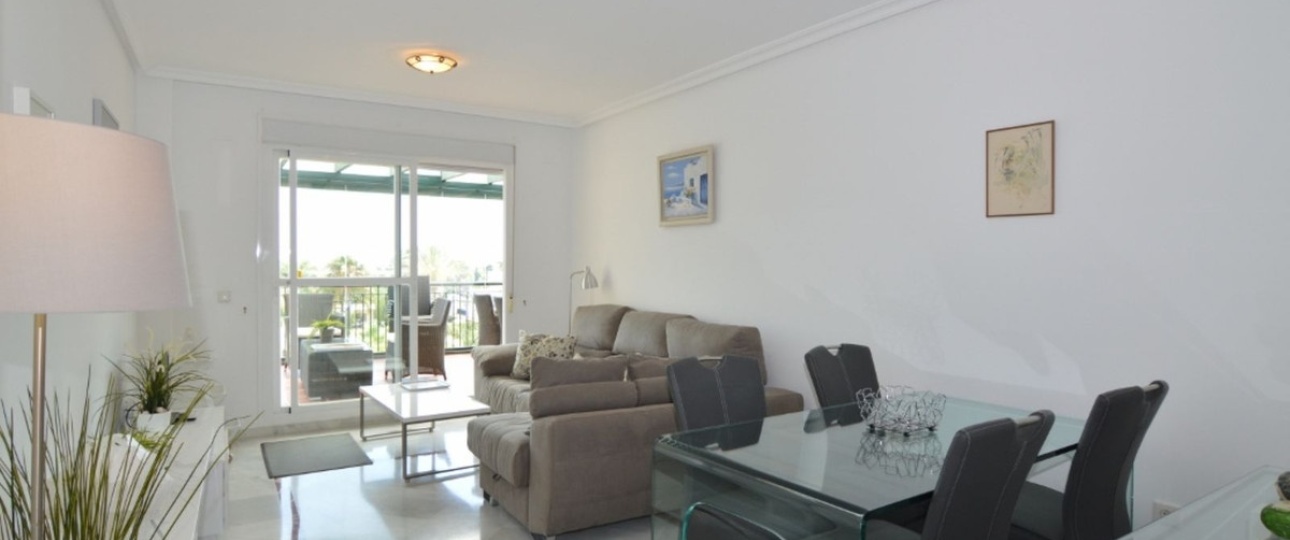 Resale - apartment - Marbella - Nueva Andalucía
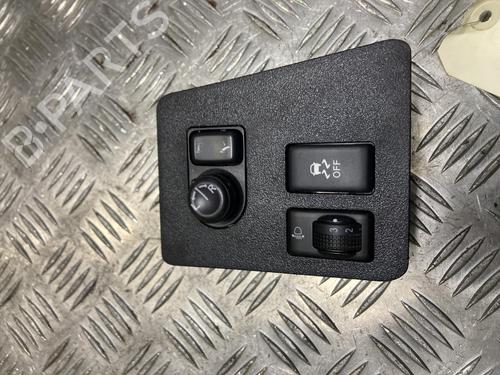 Used Switch NISSAN QASHQAI I (J10, NJ10) 1.5 dCi (110 hp) 31872799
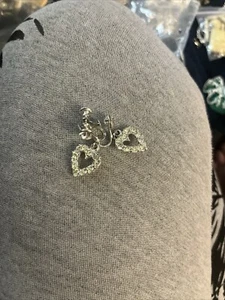 Vintage Clear Rhinestone Heart Shaped Dangle Clip On Earrings With Screwback - Picture 1 of 1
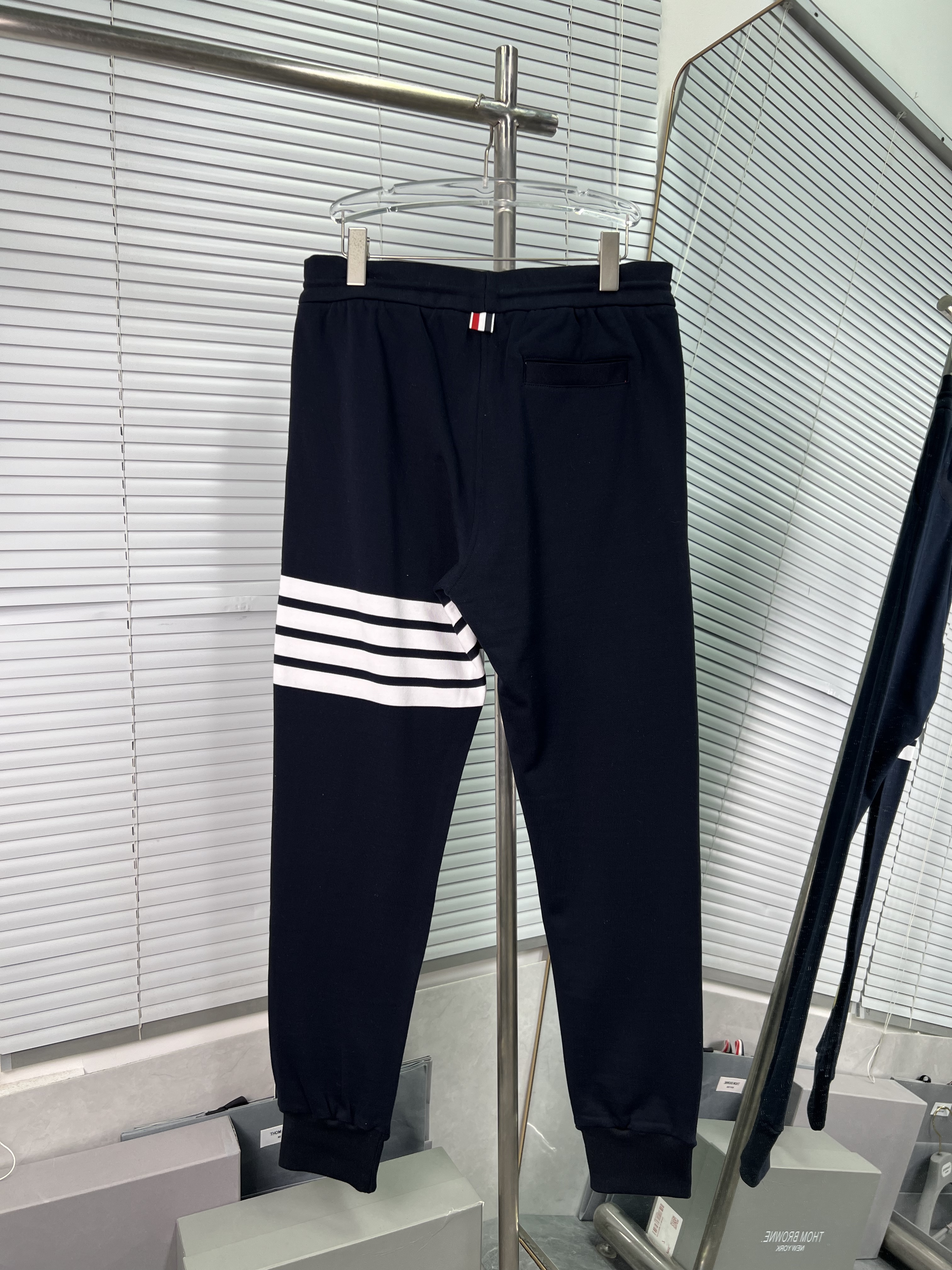 THOM BROWNE 톰브라운 프리폴 트랙 팬츠 바지 의류
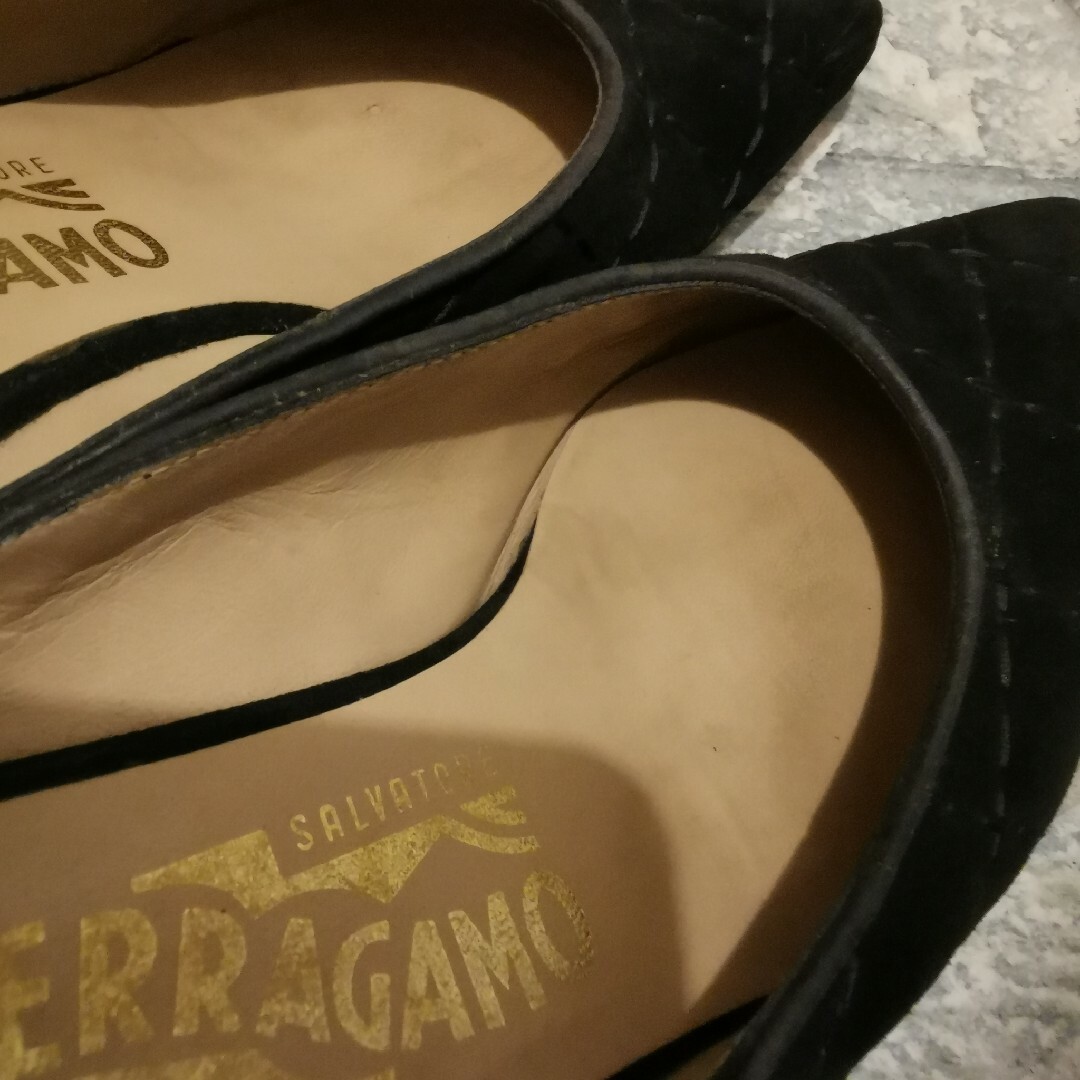 Salvatore Ferragamo(サルヴァトーレフェラガモ)のフェラガモ　Ferragamo　23cm ミュール　黒　スエード　ブラック レディースの靴/シューズ(スリッポン/モカシン)の商品写真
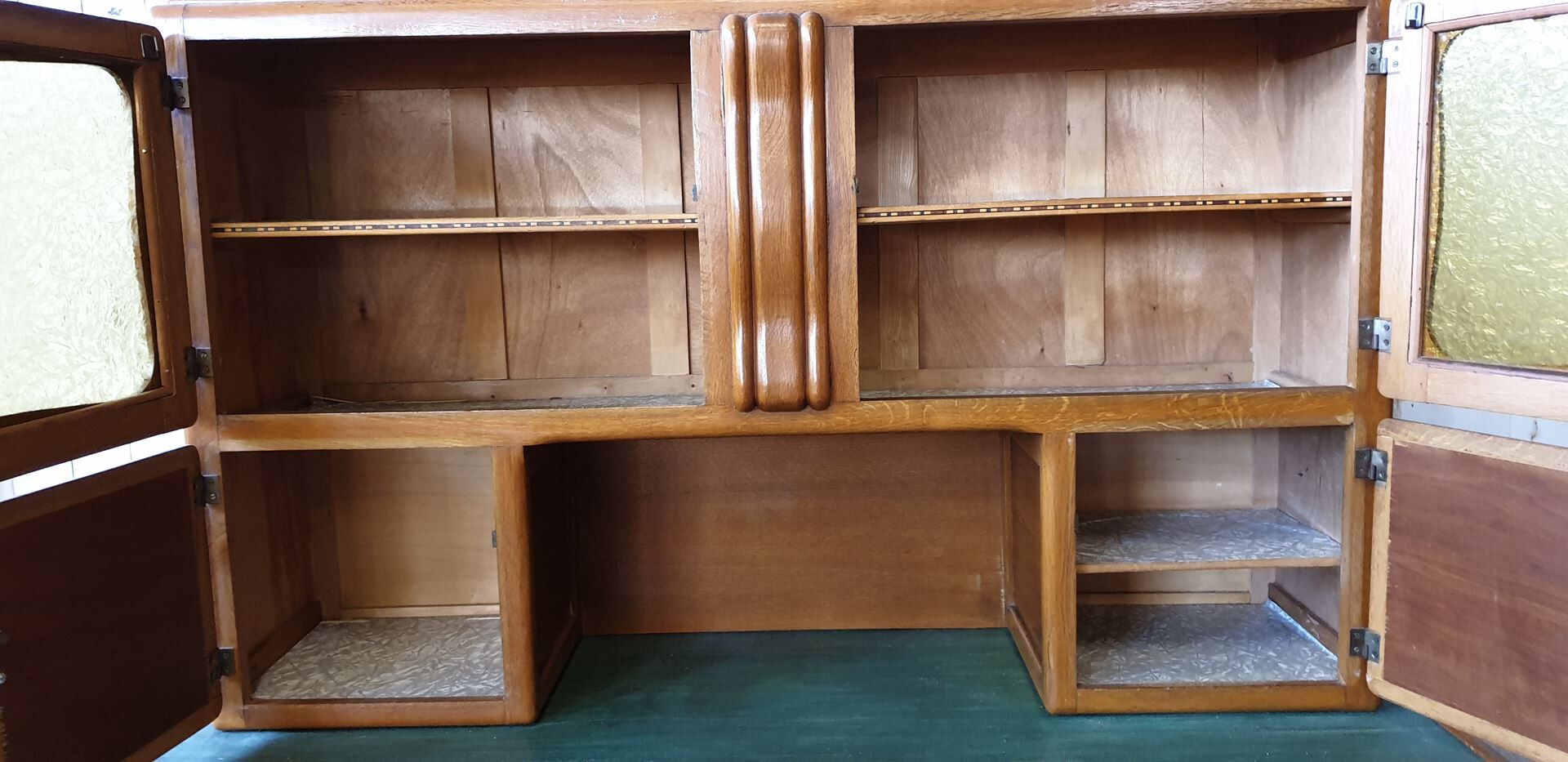 Vintage buffet "mado"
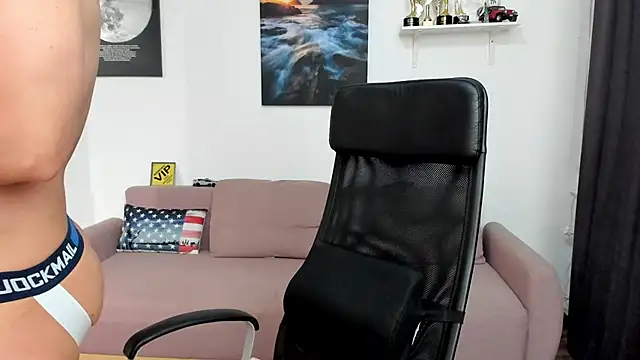 BrutusK08 Live XXX-chat
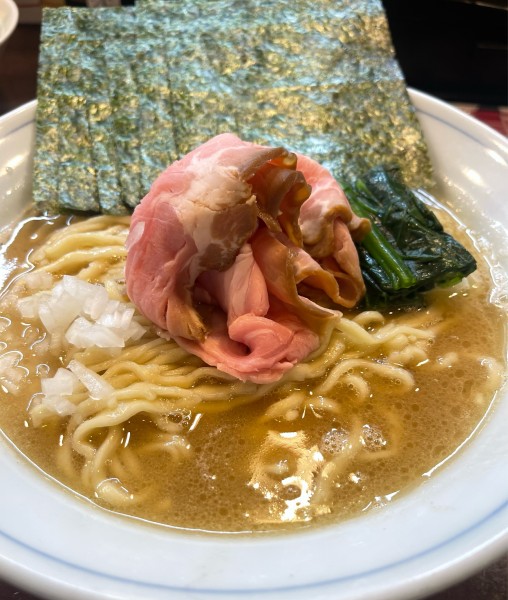 「豚骨醤油ラーメン大盛＋海苔3枚」@こいけのいえけいの写真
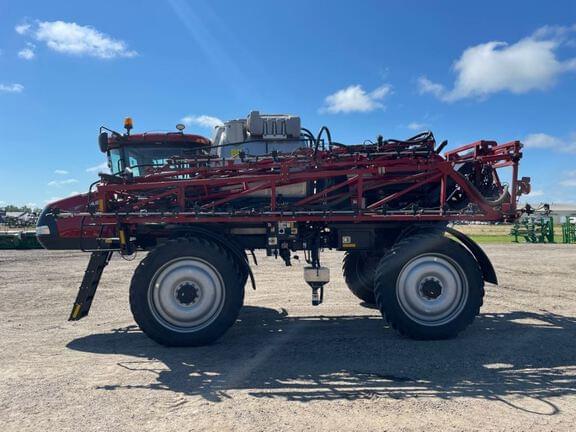 Image of Case IH Patriot 4440 equipment image 1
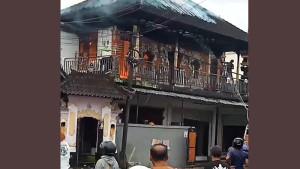 memadamkan-api-rumah-lantai-dua-yang-terbakar-di-Cemagi-Badung-789.jpg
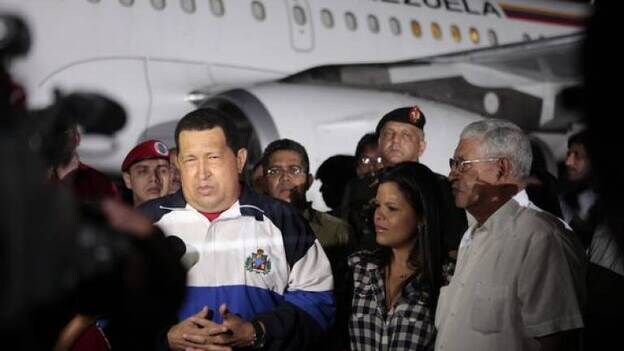 Chávez llega aferrado a la vida a su natal Barinas tras la radioterapia en Cuba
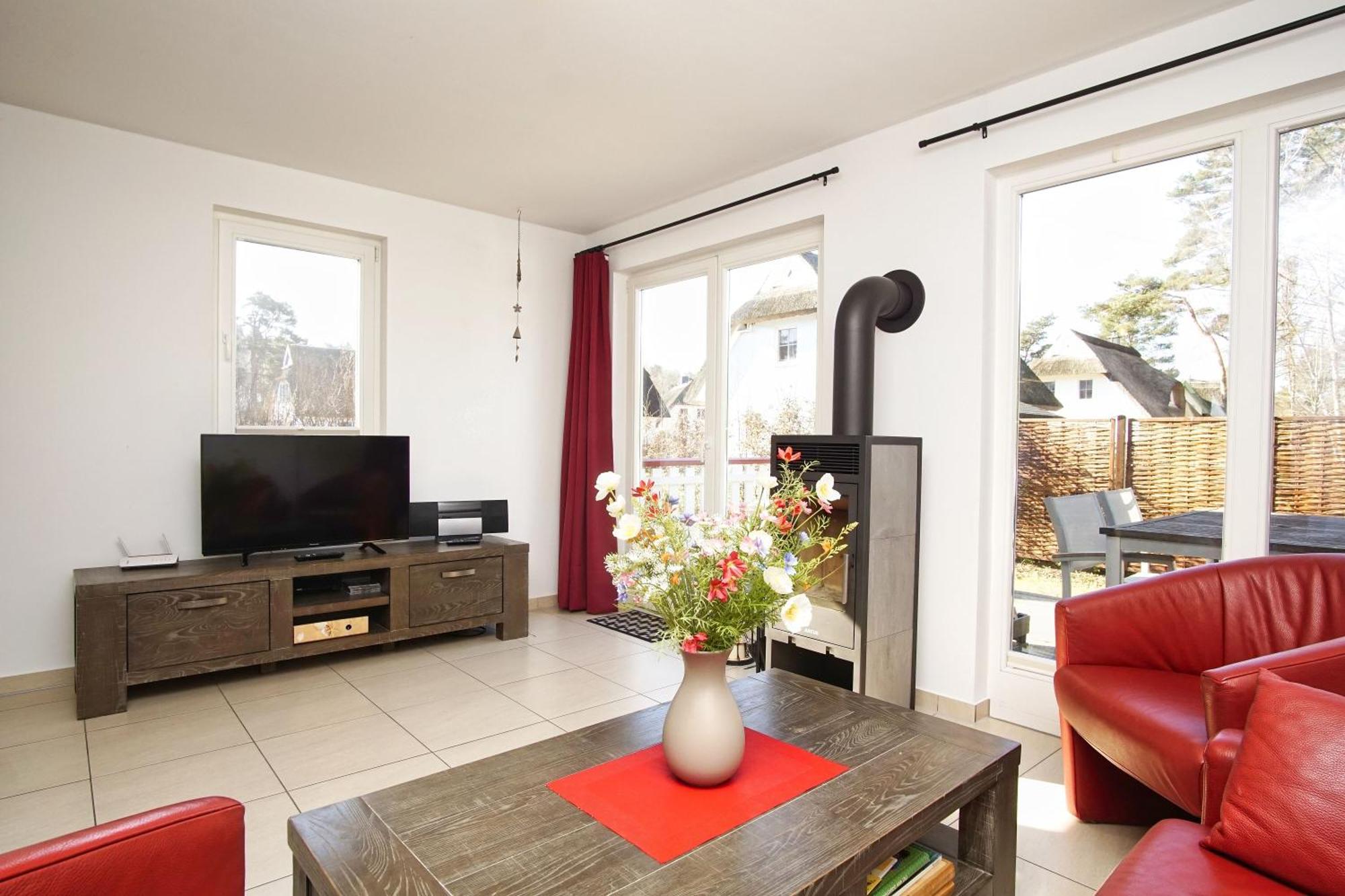 Ferienhaus Wellenlaeufer Haus - Sauna, Terrasse, Garten โกลเวอ ภายนอก รูปภาพ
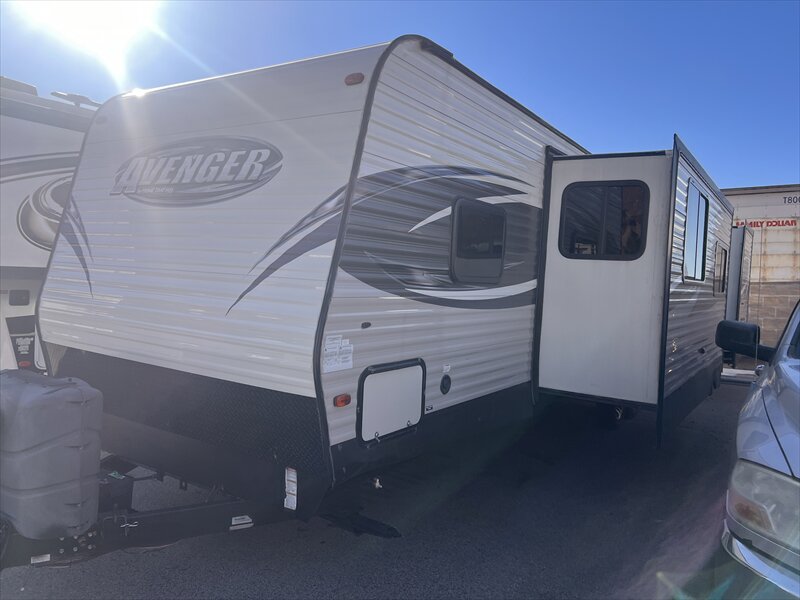 2016 Forest River AVENGER 34DBQ  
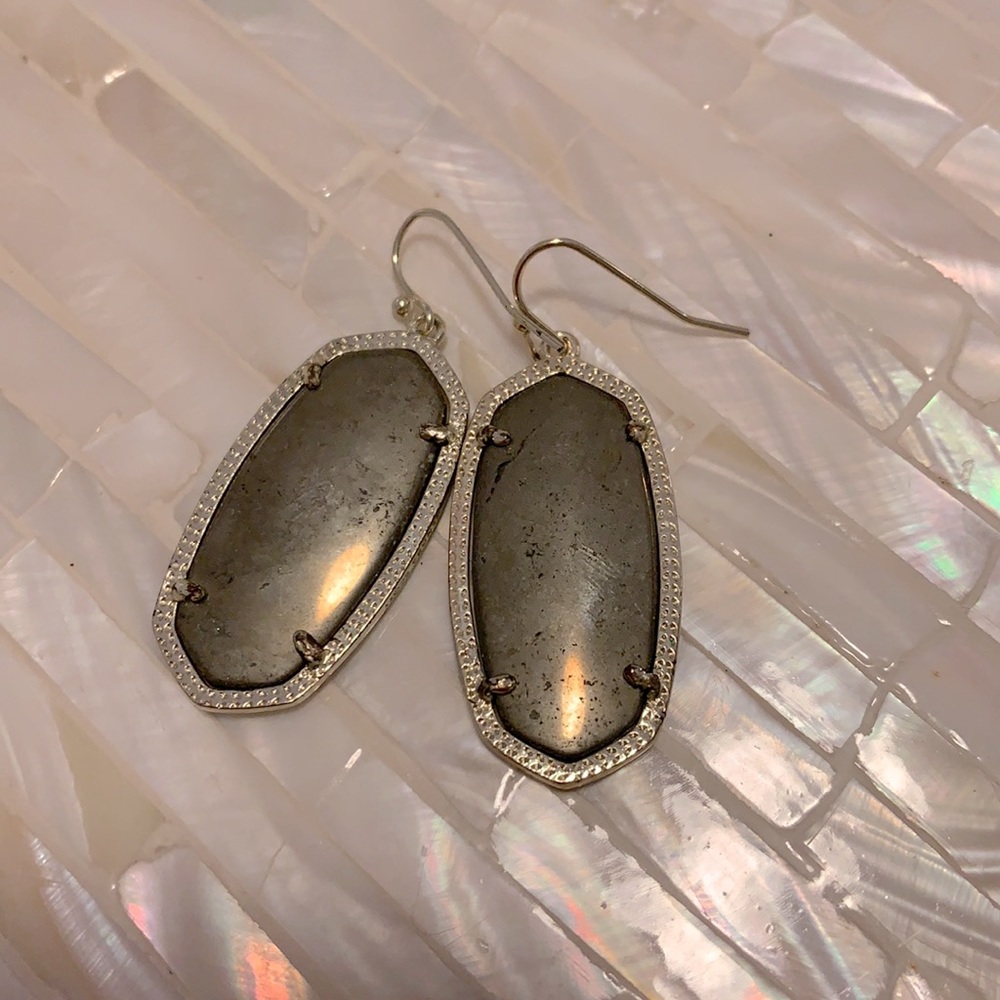 Kendra Scott elle earrings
# # # # #
### Prompt
Your task is to return the lines above, from the first one up to and including the line containing "THOM BROWNE 톰브라운 프리폴 트랙 팬츠 바지 의류", minus any pictures.

### Written solution
 Resale - apartment - Marbella - Nueva Andalucía
 Used Switch NISSAN QASHQAI I (J10, NJ10) 1.5 dCi (110 hp) 31872799
 Vintage Clear Rhinestone Heart Shaped Dangle Clip On Earrings With Screwback - Picture 1 of 1
 THOM BROWNE 톰브라운 프리폴 트랙 팬츠 바지 의류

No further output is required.